The landfill will then remain idle until the Unit 1 landfill is full. To maximize the use of the permitted landfill volume, Unit 2 ash will combine with ash from Unit 1 and go into the Unit 1 landfill. To date, pollution control equipment has rendered Unit 2 ash unsuitable for beneficial reuse, requiring 100 percent of this ash to be landfilled onsite.
The process of closing a coal fly ash landfill involves covering the ash with 18 inches of clay soil, then six inches of topsoil, which will be seeded with vegetation. This structure forms an impermeable barrier to storm water and decreases landfill maintenance.

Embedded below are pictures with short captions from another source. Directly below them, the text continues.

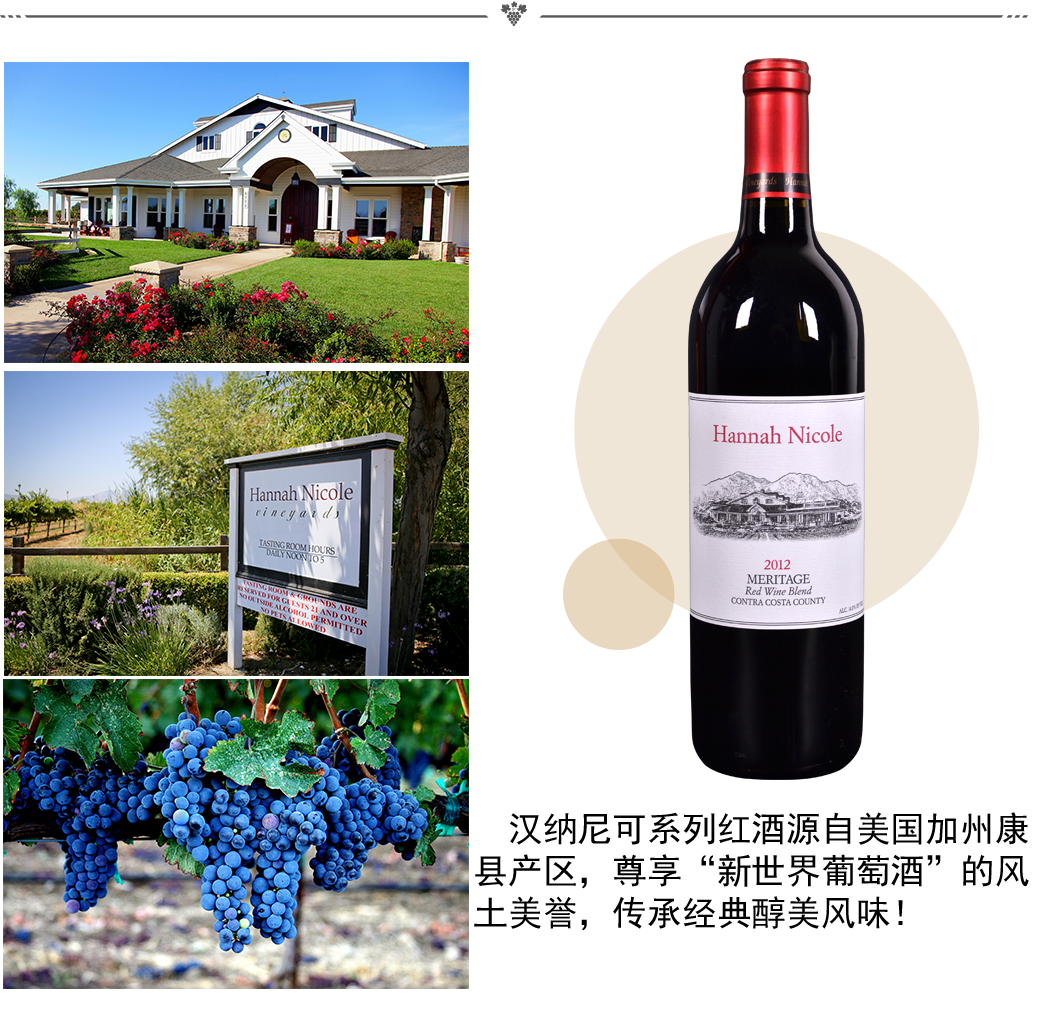 亚洲人午夜射精精品日韩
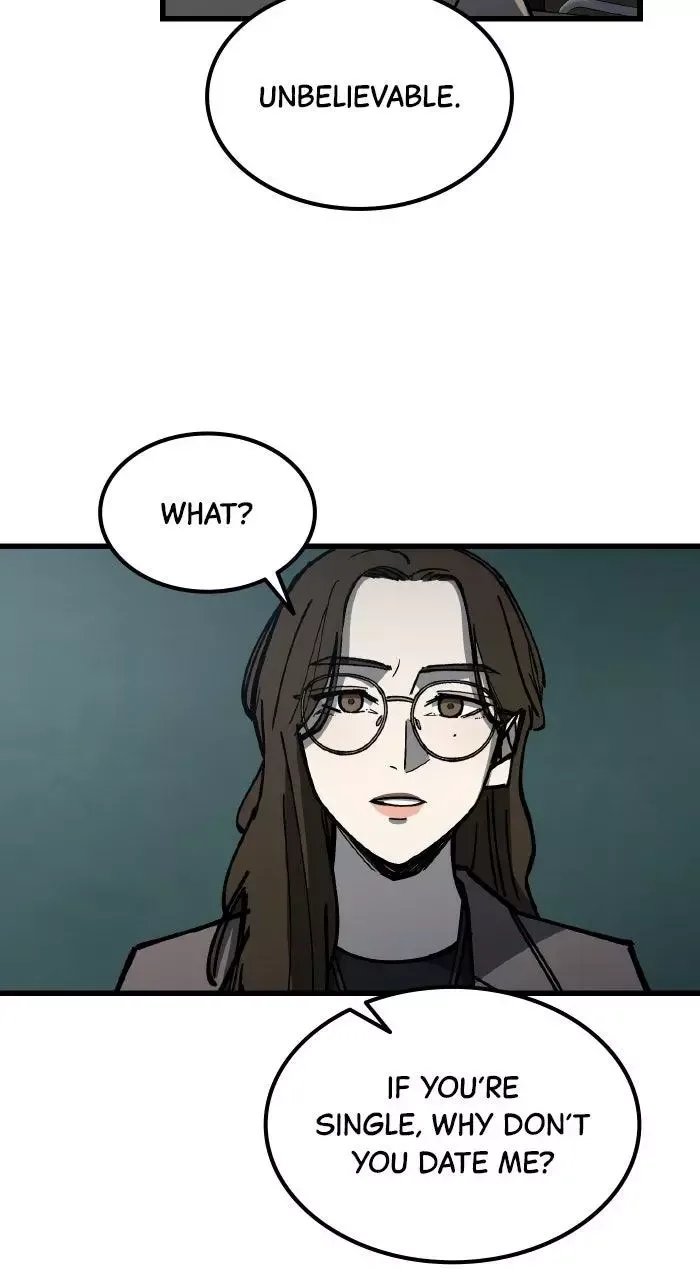 The Dropout Returns Chapter 19 page 36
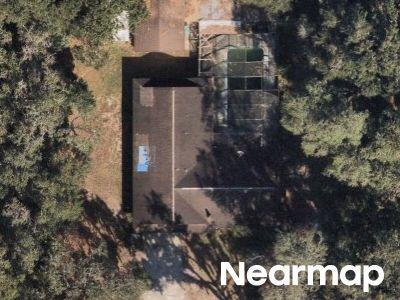 Lane Rd in Wesley Chapel - Image 1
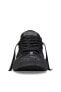 Фото #3 товара Кеды Converse CTAS Core OX M5039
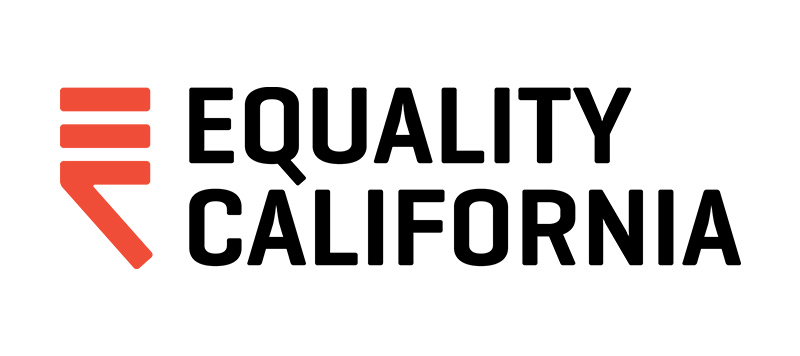 Equality California
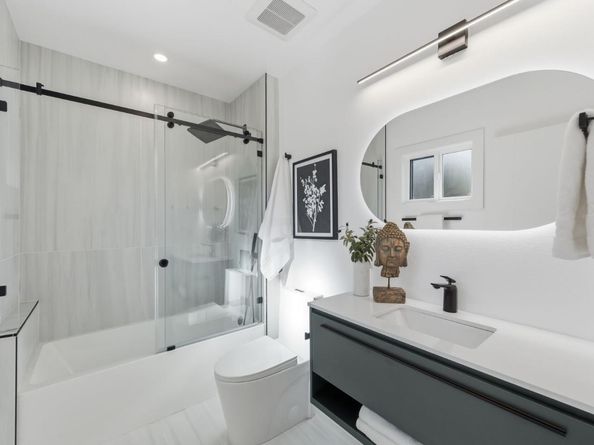 1748 Crane Avenue, Mountain View CA 94040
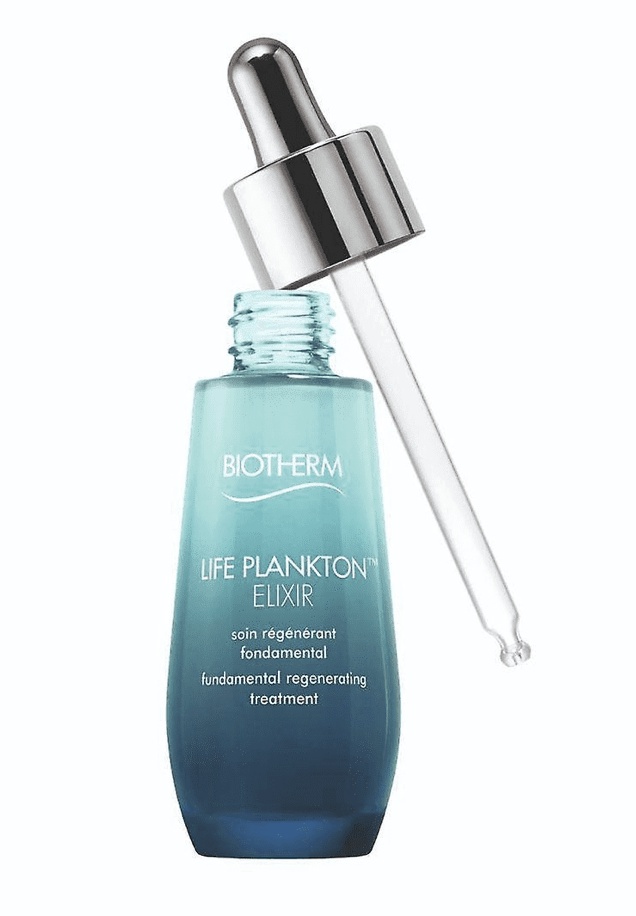 Biotherm Life Plankton™ Elixir Serum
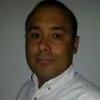 Daniel Bravo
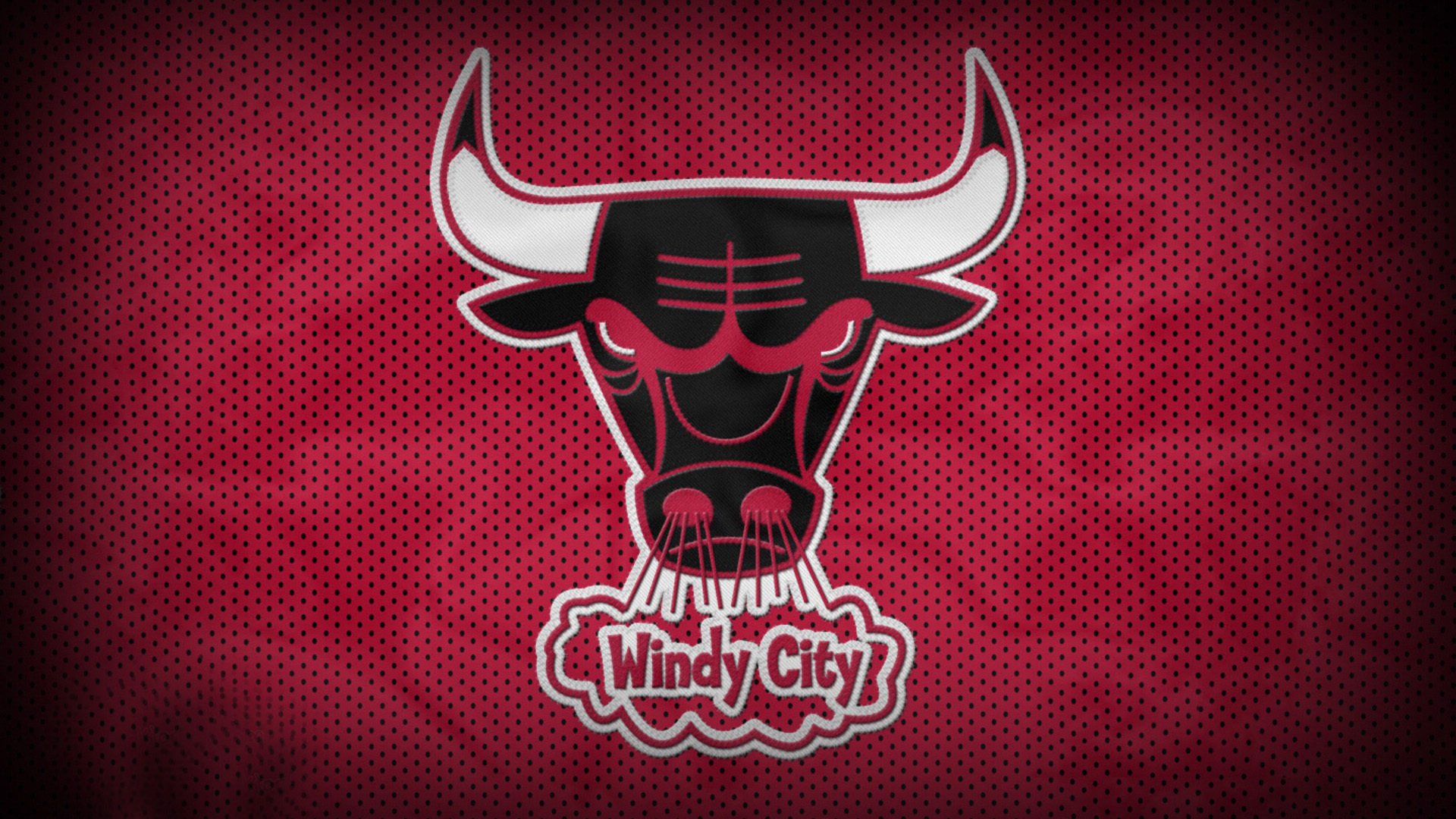 周琦点燃赛场，热火险胜浙江队背后的唯一性，一场无法复制的篮球史诗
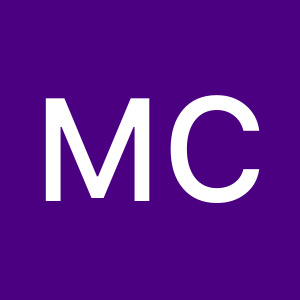 Profile photo of Michelle Cox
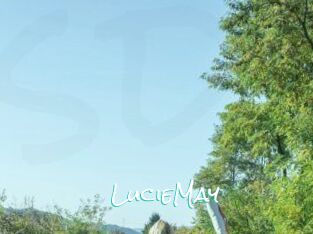 LucieMay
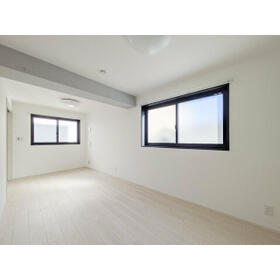 5/16 その他画像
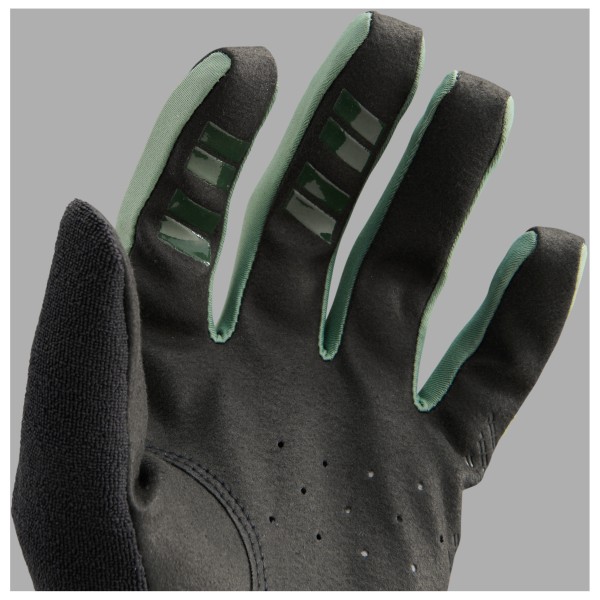 Shimano - Enduro Gloves - Guanti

“We want to keep storm water from coming in contact with the fly ash and running off the landfill site,” Wichman said.
Coal fly ash hardens to the consistency of concrete when exposed to the elements.
Groundwater monitoring wells, located around all of the landfills, check for any contamination. Even after closing a landfill, OPPD must ensure groundwater is not impacted during a 30-year monitoring period.
OPPD purchases soil for closure projects from farmland several miles to the east of the power plant.
Even though it took about 30 years to reach the first phase for the Unit 1 landfill, Wichman said the next phase closure will come sooner.
New emission controls placed on the generating units will likely render the fly ash unusable for resale purposes in the near term. This will result in higher amounts going in the landfill than in previous years.
If none is reused, the landfills can secure almost 330,000 tons of coal fly ash per year, based on historical data.
Nebraska City Station, along with Production Engineering and ERA are working on future plans for additional onsite landfills once these reach capacity, Wichman said. However, OPPD is investigating potential uses for the coal fly ash generated by both units with the pollution control equipment.